Openly gay Serbian official: Get over it so I can work
Belgrade, Serbia — The woman slated to become the first openly gay government minister in highly conservative Serbia said Tuesday she hopes public attention surrounding her election will soon fade so she can focus on her new job.
Ana Brnabic, who is expected to become the minister of public administration and local government, told The Associated Press that “I would prefer to get it out in the open right now and get it over with, so that afterward I can focus on my work.”
“Hopefully this will blow over in three or four days, and then I won’t be known as the gay minister, I’ll be known as the minister of public administration and local government,” Brnabic said shortly before the start of the Parliament session on approving the new government.
Brnabic’s appointment for the government has been hailed by rights groups as historic for the Balkan country whose gay community often faces discrimination, harassment and violence.
Prime Minister-designate Aleksandar Vucic, a former extremist-turned reformist, has promised to boost gay rights as part of efforts to move closer to European Union membership.
Serbia’s Commissioner for Protection of Equality Brankica Jankovic said Vucic’s move is encouraging for Serbia’s gays, who are “exposed to discrimination and sometimes violence.”
“This proposal shows it is possible to choose people based on their expertise and knowledge and not their sexual orientation,” Jankovic said. “The decision by Ms. Brnabic to openly declare herself (as gay) is encouraging and good.”

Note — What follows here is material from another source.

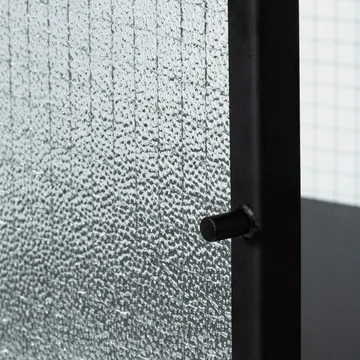 Vitrine Haze - Noir - Ferm Living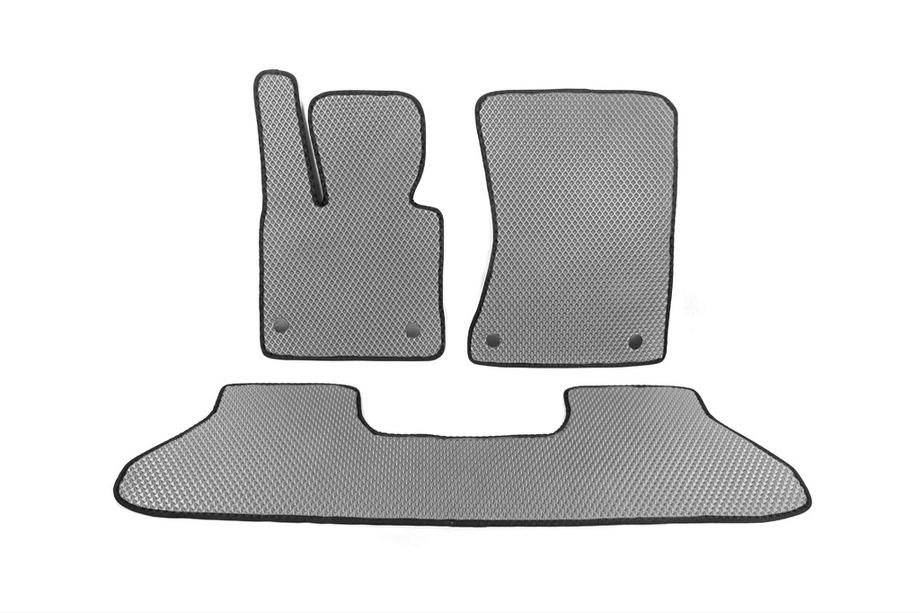BMW X6 E71 2008–2014 EVA bilmattor V1 (grå) Image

Serbia’s gay rights groups have in the past recorded a number of attacks on gays by far-right groups, while any gay pride events in the country have been held under massive police protection. The influential Serbian Orthodox Church has openly spoken against such events, saying homosexuality is an illness.
Predrag Azdejkovic, the editor of gay magazine Optimist, said a gay government minister was “something new and totally amazing.”
“I imagine a lot of young gays and lesbians in Serbia watching TV and watching a gay minister for the first time,” he said. “It’s a good message to them: This is your country, stay, you are accepted here.”
Premier Vucic has said he included 40-year-old Brnabic, who was educated in Britain and has worked for U.S. companies and in USAID, because of her resume and “exquisite energy.”
In his marathon speech Tuesday, Vucic told Parliament his government will continue its path toward the EU, but will also maintain close ties with Russia, a traditional Serbian Orthodox Slavic ally.
Serbia’s liberal opposition have accused Vucic, who heads the populist Serbian Progressive Party, of crushing dissent and freedom of speech. Lawmakers from the opposition Democratic Party walked out of a Parliament session on Tuesday in protest at Vucic’s policies.
Brnabic said that her job description would be to carry out complicated restructuring of Serbia’s overblown public administration and local governments as part of pro-EU reform.
“If elected, I will get a very, very difficult portfolio,” she added. “There will be a lot of reforms needed.”
The government is expected to be confirmed later this week, more than three months after the April 24 elections.